WORK REQUEST:
The records that follow must be repeated exactly as they stand.

>>>

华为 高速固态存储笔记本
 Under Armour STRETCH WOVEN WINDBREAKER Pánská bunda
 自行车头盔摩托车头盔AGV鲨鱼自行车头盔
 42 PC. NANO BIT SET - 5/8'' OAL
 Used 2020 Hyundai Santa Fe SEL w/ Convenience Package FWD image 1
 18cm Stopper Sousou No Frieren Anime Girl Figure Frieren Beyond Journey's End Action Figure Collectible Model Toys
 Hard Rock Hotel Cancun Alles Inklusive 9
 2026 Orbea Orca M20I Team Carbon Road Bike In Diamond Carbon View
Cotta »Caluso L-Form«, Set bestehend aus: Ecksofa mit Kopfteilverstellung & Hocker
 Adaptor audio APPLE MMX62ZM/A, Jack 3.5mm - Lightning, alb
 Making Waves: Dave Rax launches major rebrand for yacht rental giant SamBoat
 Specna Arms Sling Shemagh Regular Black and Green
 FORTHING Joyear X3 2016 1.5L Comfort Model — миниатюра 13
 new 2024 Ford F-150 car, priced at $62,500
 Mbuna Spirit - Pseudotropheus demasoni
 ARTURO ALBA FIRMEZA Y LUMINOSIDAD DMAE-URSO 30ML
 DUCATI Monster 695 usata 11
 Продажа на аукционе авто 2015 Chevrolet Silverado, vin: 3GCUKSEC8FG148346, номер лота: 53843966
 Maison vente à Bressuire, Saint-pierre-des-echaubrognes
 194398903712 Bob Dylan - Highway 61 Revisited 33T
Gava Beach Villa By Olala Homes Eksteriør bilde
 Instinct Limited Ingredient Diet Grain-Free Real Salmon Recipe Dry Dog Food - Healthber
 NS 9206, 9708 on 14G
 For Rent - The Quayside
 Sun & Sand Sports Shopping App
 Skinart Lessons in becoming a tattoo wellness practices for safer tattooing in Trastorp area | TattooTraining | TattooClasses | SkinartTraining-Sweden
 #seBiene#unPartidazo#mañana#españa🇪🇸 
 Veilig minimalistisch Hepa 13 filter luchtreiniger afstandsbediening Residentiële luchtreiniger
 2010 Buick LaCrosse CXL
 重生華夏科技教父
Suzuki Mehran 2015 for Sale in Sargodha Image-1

<<<

RESPONSE TO THE TASK:
华为 高速固态存储笔记本
 Under Armour STRETCH WOVEN WINDBREAKER Pánská bunda
 自行车头盔摩托车头盔AGV鲨鱼自行车头盔
 42 PC. NANO BIT SET - 5/8'' OAL
 Used 2020 Hyundai Santa Fe SEL w/ Convenience Package FWD image 1
 18cm Stopper Sousou No Frieren Anime Girl Figure Frieren Beyond Journey's End Action Figure Collectible Model Toys
 Hard Rock Hotel Cancun Alles Inklusive 9
 2026 Orbea Orca M20I Team Carbon Road Bike In Diamond Carbon View
Cotta »Caluso L-Form«, Set bestehend aus: Ecksofa mit Kopfteilverstellung & Hocker
 Adaptor audio APPLE MMX62ZM/A, Jack 3.5mm - Lightning, alb
 Making Waves: Dave Rax launches major rebrand for yacht rental giant SamBoat
 Specna Arms Sling Shemagh Regular Black and Green
 FORTHING Joyear X3 2016 1.5L Comfort Model — миниатюра 13
 new 2024 Ford F-150 car, priced at $62,500
 Mbuna Spirit - Pseudotropheus demasoni
 ARTURO ALBA FIRMEZA Y LUMINOSIDAD DMAE-URSO 30ML
 DUCATI Monster 695 usata 11
 Продажа на аукционе авто 2015 Chevrolet Silverado, vin: 3GCUKSEC8FG148346, номер лота: 53843966
 Maison vente à Bressuire, Saint-pierre-des-echaubrognes
 194398903712 Bob Dylan - Highway 61 Revisited 33T
Gava Beach Villa By Olala Homes Eksteriør bilde
 Instinct Limited Ingredient Diet Grain-Free Real Salmon Recipe Dry Dog Food - Healthber
 NS 9206, 9708 on 14G
 For Rent - The Quayside
 Sun & Sand Sports Shopping App
 Skinart Lessons in becoming a tattoo wellness practices for safer tattooing in Trastorp area | TattooTraining | TattooClasses | SkinartTraining-Sweden
 #seBiene#unPartidazo#mañana#españa🇪🇸 
 Veilig minimalistisch Hepa 13 filter luchtreiniger afstandsbediening Residentiële luchtreiniger
 2010 Buick LaCrosse CXL
 重生華夏科技教父
Suzuki Mehran 2015 for Sale in Sargodha Image-1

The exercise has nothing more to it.